Viterbo – Finanza di nuovo all’Ater.

Ennesimo sopralluogo delle fiamme gialle viterbesi all’azienda territoriale per l’edilizia residenziale.

Giovedì mattina, gli uomini del nucleo di polizia tributaria sono tornati alla sede di via Garbini. 

Si sarebbero trattenuti per diverse ore negli uffici, alla ricerca di documenti utili alle indagini.

Secondo indiscrezioni, il nuovo accesso all’Ater non sarebbe collegato a nessuno dei vecchi fascicoli, aperti mesi fa e già noti alle cronache. Si parlerebbe di fatti nuovi. Un’indagine per ora contro ignoti, per abuso d’ufficio, peculato e falso.

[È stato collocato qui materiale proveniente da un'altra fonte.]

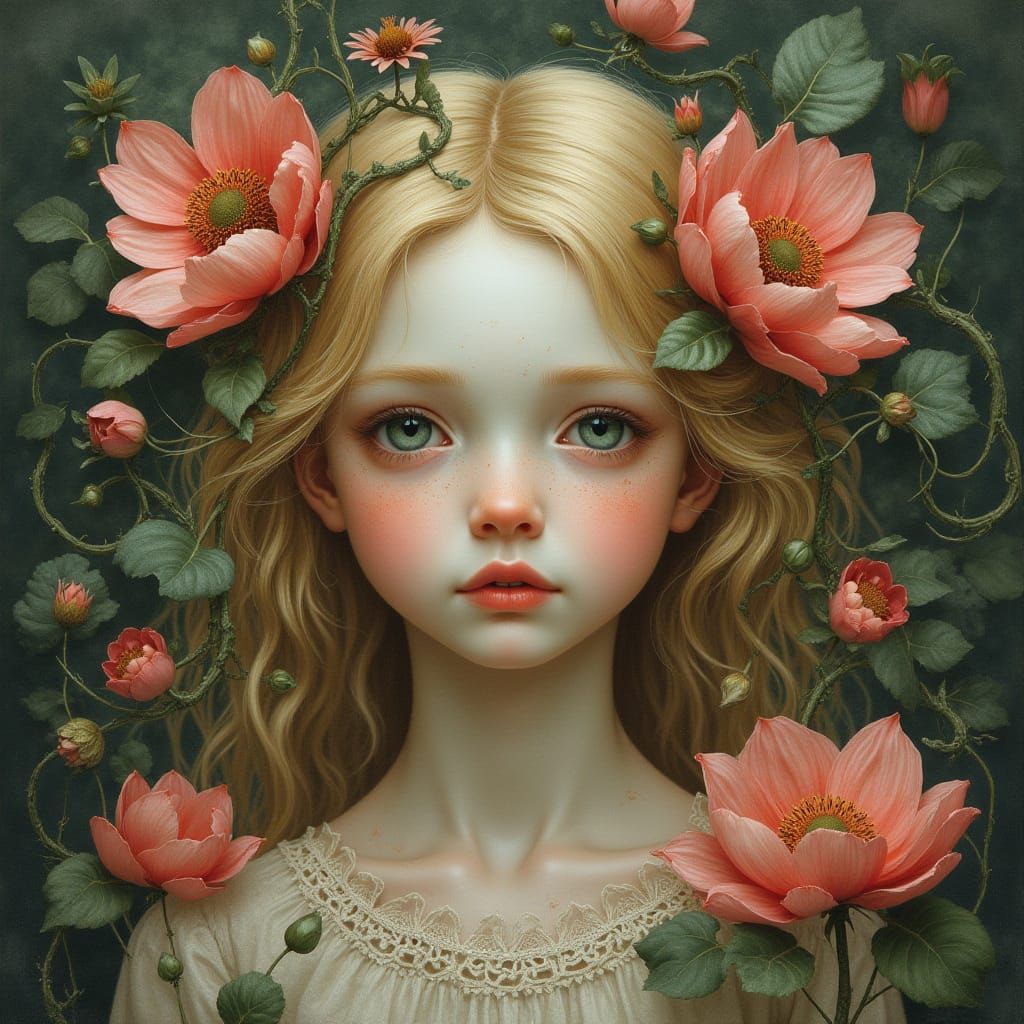 Whimsical Floral Goddess in Soft, Dreamlike Style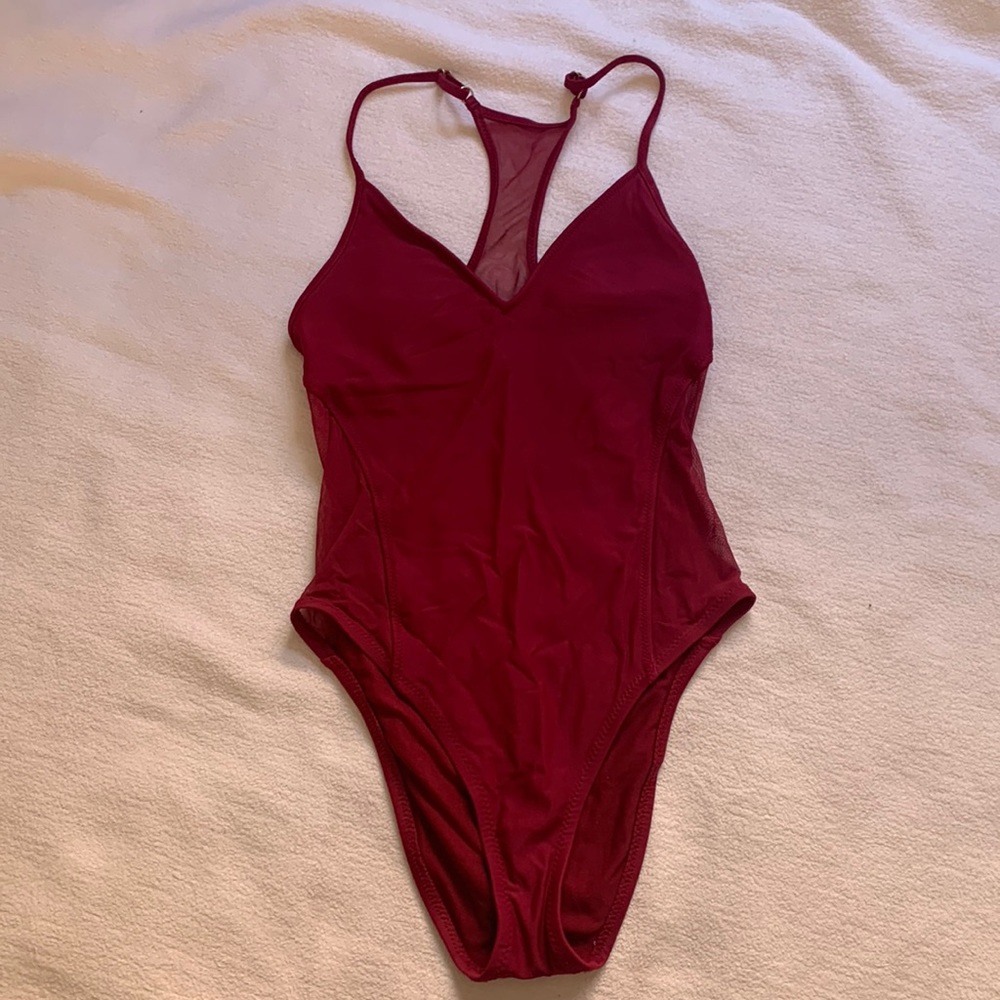 Mossimo Maroon One Piece Swimsuit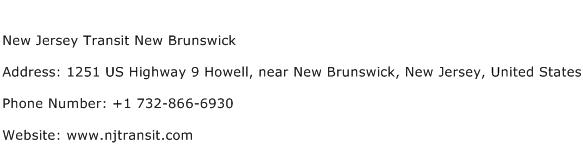 New Jersey Transit New Brunswick Address Contact Number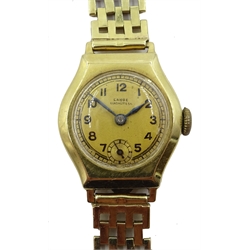  14ct gold bracelet wristwatch by Lange Glasshutte SA. hallmarked 25.65gm  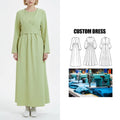 Brand Customization Middle Eastern Muslim Women's Clothing Solid Color Tie Waist Abaya Long Dress for Eid Dubai Middle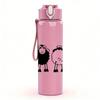 1PC Simple Line Sheep Group Graphic,750ml Color Plastic Sports Water Bottle,Leakproof Flip Straw Lid,Suitable for Sports Office Home Use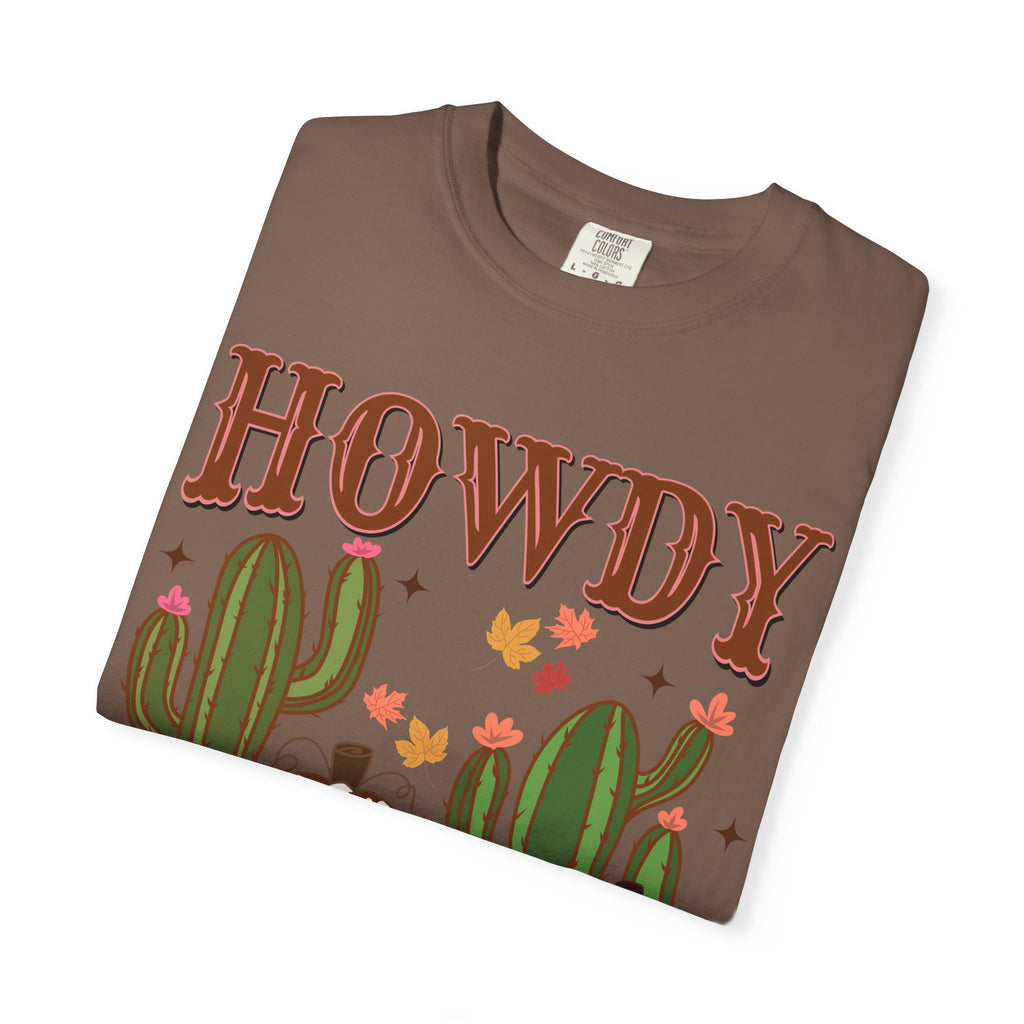 Howdy Fall Graphic Tee — Western Cactus Pumpkin Autumn T-Shirt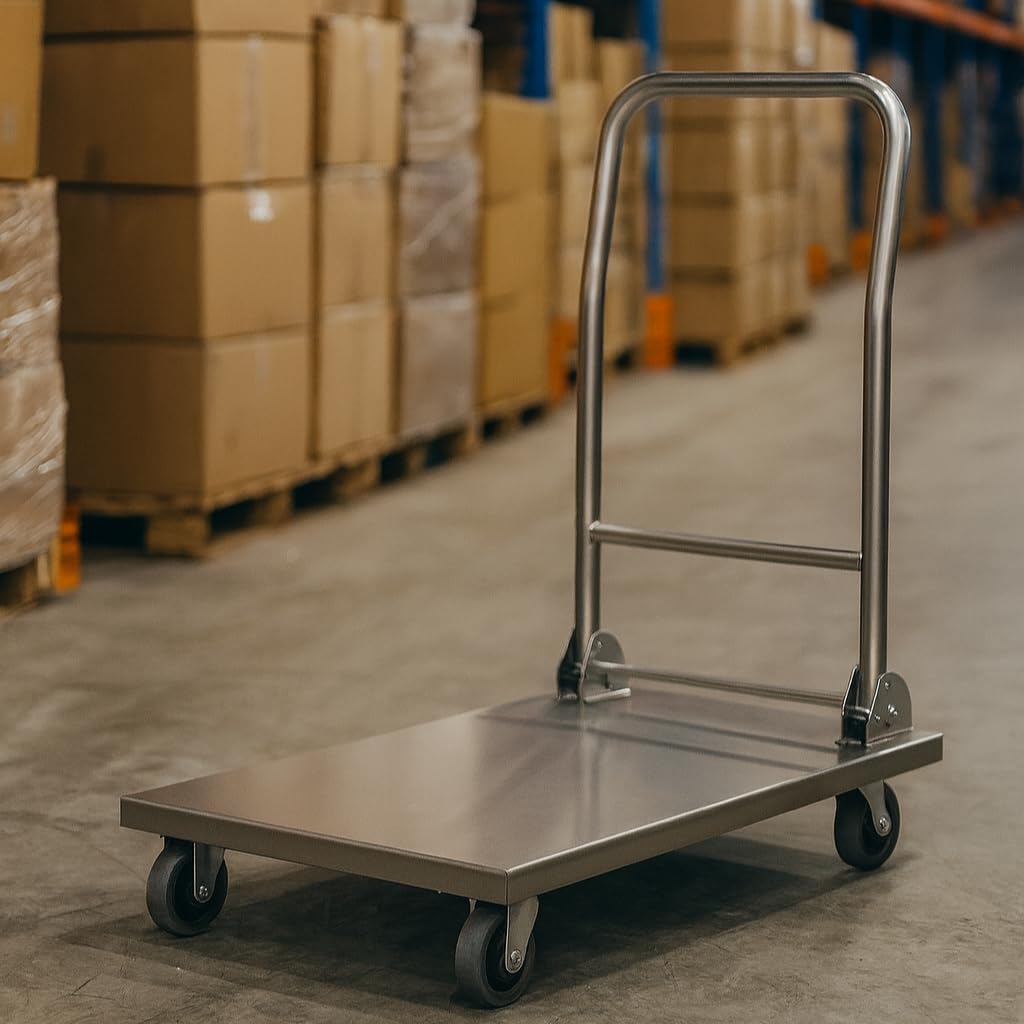 Chariot de Transport Pliable INOX - 100 kg - Compact - Roues Pivotantes - Professionnel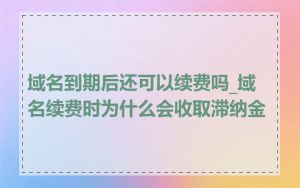 域名到期后还可以续费吗_域名续费时为什么会收取滞纳金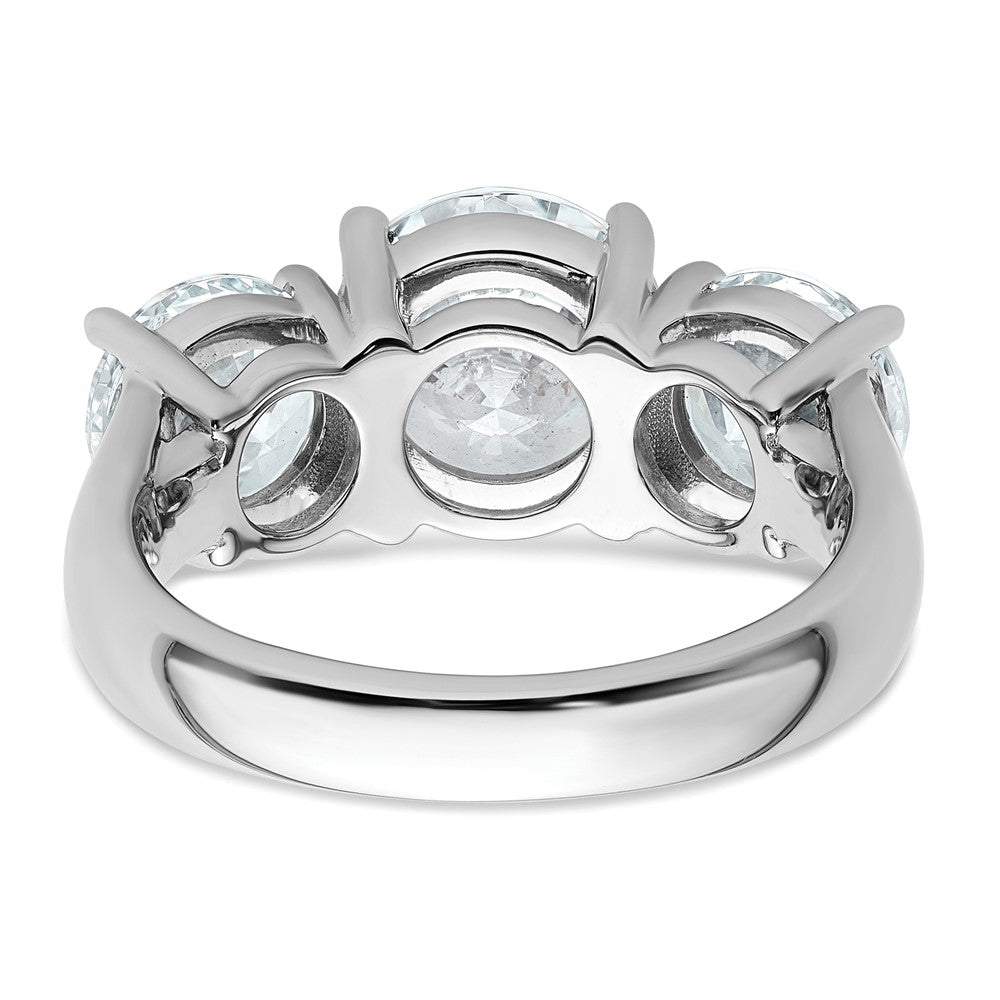 14K White Gold 5 carat Lab Grown Diamond VS+ F+ Three Stone Complete Engagement Ring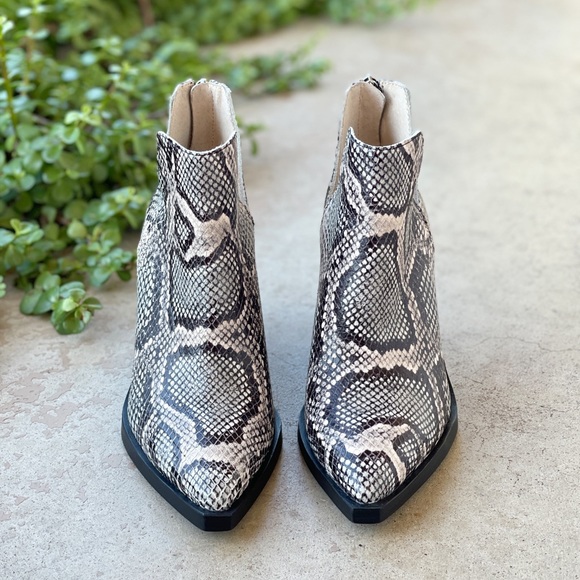 Vince Camuto Gigietta Pink Snakeskin Booties - Picture 2 of 5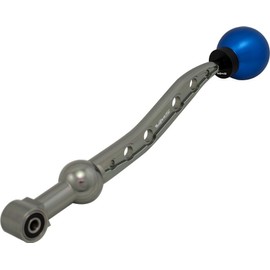 COMBO VMS Racing Dual Bend SHORT THROW SHIFTER CNC Aluminum in GUNMETAL Gray Grey Dark Silver CNC Aluminum Metal and 10x1.5mm BLUE ROUND Ball SHIFT KNOB 5 Speed for Honda Civic CX LX DX EX Si CRX CTR iTR LS GS GSR VTEC V-TEC 2DR 4 DR 2 4 Door Coupe Hatchback HB JDM 1988 1989 1990 1991 1992 1993 1994 1995 1996 1997 1998 1999 2000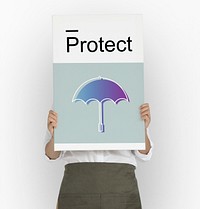 Woman holding an umbrella symbol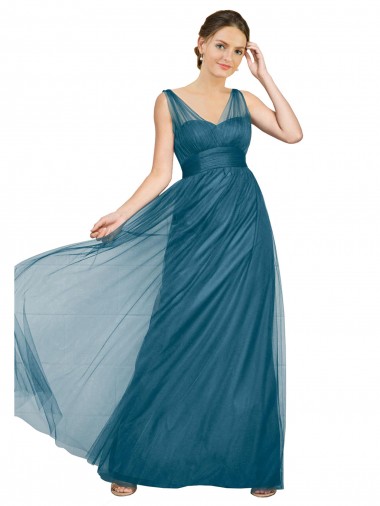 Tulle V-Back Long V-Neck Teal Green A-Line Bridesmaid Dress Plymouth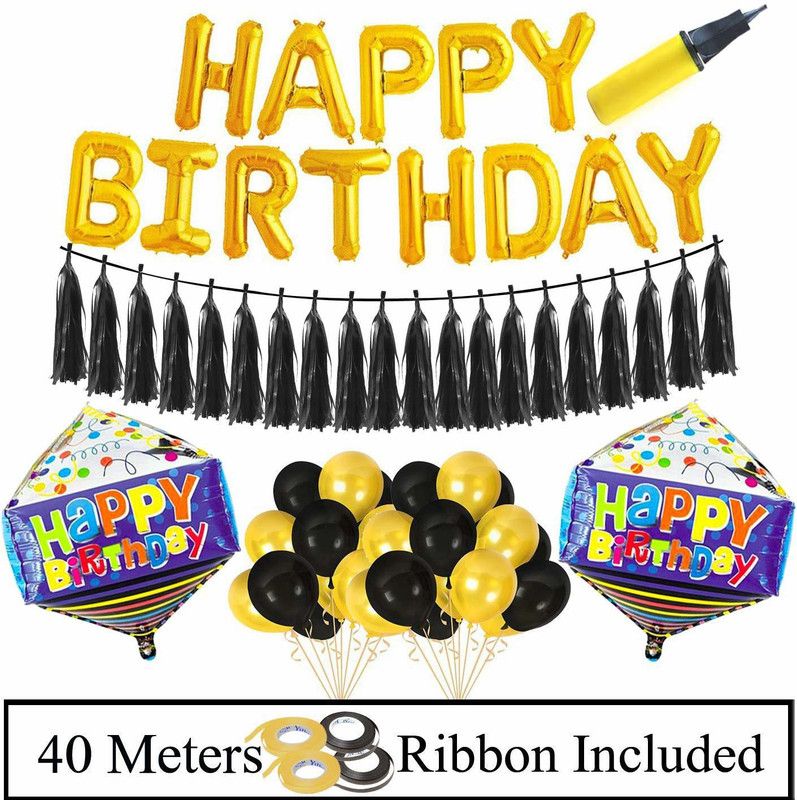 AMFIN Printed Happy Birthday Foil Balloons with Matching Tassel / Happy Birthday Set / Birthday Decoration Items Combo Balloon  (Multicolor, Pack of 1)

Nel mirino degli investigatori, a quanto pare, sarebbe finito l’ultimo contratto del direttore generale fresco di revoca, Ugo Gigli. Un contratto che, da quel poco che trapela, sembrerebbe segnato da diverse anomalie, insieme a tutta una serie di supposte e non meglio precisate irregolarità nella gestione dell’Ater. Gigli, comunque, non risulterebbe attualmente indagato nel nuovo filone d’inchiesta. 

Dall’ente di via Garbini, le fiamme gialle della tributaria sarebbero uscite con un voluminoso faldone di atti. Sembrerebbe che siano stati sequestrati anche alcuni computer dell’azienda, sempre per cercare ulteriore documentazione che dovrà passare all’esame della procura.

Difficile, ormai, tenere il conto dei fascicoli riguardanti, a vario titolo, l’azienda per l’edilizia residenziale. La maggior parte chiamano in causa il non più direttore generale Ugo Gigli, tra la faida con l’ingegnera Ater Angela Birindelli e varie, ulteriori ipotesi di abuso d’ufficio, usurpazione di funzioni pubbliche e interruzione di pubblico servizio. L’ultimo avviso di garanzia a Gigli è arrivato ai primi di febbraio. 

Intanto l’ex numero uno dell’Ater non vuole saperne di rinunciare al suo incarico. Dopo il ricorso al Tar e il rigetto della richiesta di sospensiva, la palla passa al giudice del lavoro. Avvocati impegnati su tutti i fronti e cause a non finire. Ed è solo l’inizio.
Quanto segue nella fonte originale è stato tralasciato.